Bantu language spoken in southeast Africa

Yao is a Bantu language of Malawi and Mozambique. In Malawi, the main dialect is Mangochi, mostly spoken around in Mangochi District. In Mozambique, the main dialects are Makale and Massaninga.

In Malawi, most Yao speakers live in the Southern Region near the southeast tip of Lake Malawi and bordering Mozambique to the east. In Mozambique, most speakers live in Niassa Province from the eastern shore of Lake Malawi (Lago Niassa) to the Lugenda River up to where it meets the Rovuma River. In Tanzania, most speakers live in the south Ruvuma, east of Lake Malawi along the Mozambican border.

== Phonology ==
The phonology of Yao is shown below.

=== Consonants ===

|  |  | Labial | Alveolar | Palatal | Velar |
| Plosive/ Affricate | voiceless | p | t | t͡ʃ | k |
| voiced | b | d | d͡ʒ | ɡ |
| Fricative |  |  | s |  |  |
| Nasal |  | m | n | ɲ | ŋ |
| Approximant |  | ʋ | l | j | w |

=== Vowels ===

|  | Front | Central | Back |
|---|---|---|---|
| Close | i iː |  | u uː |
| Mid | e eː |  | o oː |
| Open |  | a aː |  |

===Tones===
Like most Bantu languages, tone plays a role in Yao phonology and morphology. See Mtenje (1990) for discussion of Malawian Yao tone. See Ngunga (1997) for detailed presentation of the segmental phonology of Mozambican Yao.

== Orthography ==

As in English, unvoiced plosives are aspirated and voiced plosives are not. There are conventionally only five 'pure' vowels, viz. a, e, i, o, u, though there is some variation in vowel length. Yao is minimally tonal language, as is common in Bantu languages.

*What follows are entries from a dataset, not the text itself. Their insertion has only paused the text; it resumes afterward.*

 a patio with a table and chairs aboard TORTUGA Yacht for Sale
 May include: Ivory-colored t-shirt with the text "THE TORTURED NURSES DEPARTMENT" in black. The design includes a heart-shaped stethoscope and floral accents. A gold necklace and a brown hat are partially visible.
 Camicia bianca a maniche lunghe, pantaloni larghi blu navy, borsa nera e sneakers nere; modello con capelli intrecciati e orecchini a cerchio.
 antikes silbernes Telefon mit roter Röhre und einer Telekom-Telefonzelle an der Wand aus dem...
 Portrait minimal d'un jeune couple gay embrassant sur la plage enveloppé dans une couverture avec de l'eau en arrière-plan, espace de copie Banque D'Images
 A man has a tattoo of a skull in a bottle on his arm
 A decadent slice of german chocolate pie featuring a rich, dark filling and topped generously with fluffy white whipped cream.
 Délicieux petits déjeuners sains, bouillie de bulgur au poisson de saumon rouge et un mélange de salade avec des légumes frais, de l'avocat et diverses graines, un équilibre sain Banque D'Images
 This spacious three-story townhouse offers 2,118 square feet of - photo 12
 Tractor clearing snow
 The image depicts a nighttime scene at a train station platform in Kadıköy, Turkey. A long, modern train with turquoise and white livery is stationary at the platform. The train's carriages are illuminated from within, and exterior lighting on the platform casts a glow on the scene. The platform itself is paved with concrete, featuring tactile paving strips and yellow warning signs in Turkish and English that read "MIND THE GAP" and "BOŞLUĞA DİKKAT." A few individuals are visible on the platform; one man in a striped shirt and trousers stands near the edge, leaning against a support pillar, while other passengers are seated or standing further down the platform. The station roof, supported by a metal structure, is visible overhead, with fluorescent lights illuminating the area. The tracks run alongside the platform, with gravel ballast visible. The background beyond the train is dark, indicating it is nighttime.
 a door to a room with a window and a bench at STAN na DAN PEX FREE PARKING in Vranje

In each of the main three countries where Yao is spoken, the orthography differs widely, and there is a low literacy rate. In Tanzania, the orthography is based on that of Swahili, whereas in Malawi it is based on that of Chewa. The Malawian form uses the following characters:

Letter:: A; B; Ch; D; E; G; I; J/Dy; K; L; Ly; M; N; Ng'; Ny; O; P; S; T; U; W; Ŵ; Y
Value:: a; b; tʃ; d; e~ɛ; ɡ; i; dʒ; k; l; ʎ; m; n; ŋ; ɲ; ɔ~o; p; ʂ; tʰ; u; w; ʋ; j

Macrons can be used to prevent ambiguity that would otherwise arise due to the lack of representation of vowel length.

== Grammar ==

Yao is an SVO language. Like all Bantu languages, Yao is agglutinative, with a highly regular paradigm of verbal inflection, and its nouns placed in a variety of classes indicated by prefixes, these partially corresponding to actual categories of objects or people. To each class is associated a characteristic, used in the formation of pronouns and concord links, prefixes used before verbs governed by, and adjectives describing, a noun of the given class.

=== Noun classes ===

| Class | Prefix | Class characteristic | Used for |
|---|---|---|---|
| 1 | m-, mu-, mw- | ju | persons singular |
| 2 | ŵa-, a-, acha-, achi- | ŵa | persons plural |
| 3 | m-, mu-, mw- | u | living things singular |
| 4 | mi- | ji | living things plural |
| 5 | li-, ly- | li | miscellaneous singular |
| 6 | ma- | ga | plurals of class 5 |
| 7 | chi-, ch'- | chi | miscellaneous singular |
| 8 | i-, y- | i | plurals of class 7 |
| 9 | n-, ny-, mb-, (nw-) | ji | miscellaneous singular |
| 10 | n-, ny-, mb-, (nw-) | si | plurals of class 9 |
| 11 | lu- | lu | like 9, also singulars of class 10 |
| 12 | ka- | ka | diminutives singular |
| 13 | tu- | tu | plurals of class 13 |
| 14 | u- | u | collective and abstract, no plural; also some singulars of class 6 |
| 15 | ku, kw- | ku | infinitives |
| 16 | (pa-) | pa | locality (at) |
| 17 | (ku-, kwa-) | ku | locality (to) |
| 18 | (mu-, mwa-) | mu | locality (in) |

The corresponding concord links are identical to the nominal prefixes except in the cases of classes 1 and 2, which have concord links 'mb-' and 'a-' respectively. The convention of including classes 16, 17 and 18 deviates from the traditional Bantu system, their prefixes being more properly prepositional or case determiners.

=== Verbal forms ===

The personal forms are given below, with informal forms given in brackets.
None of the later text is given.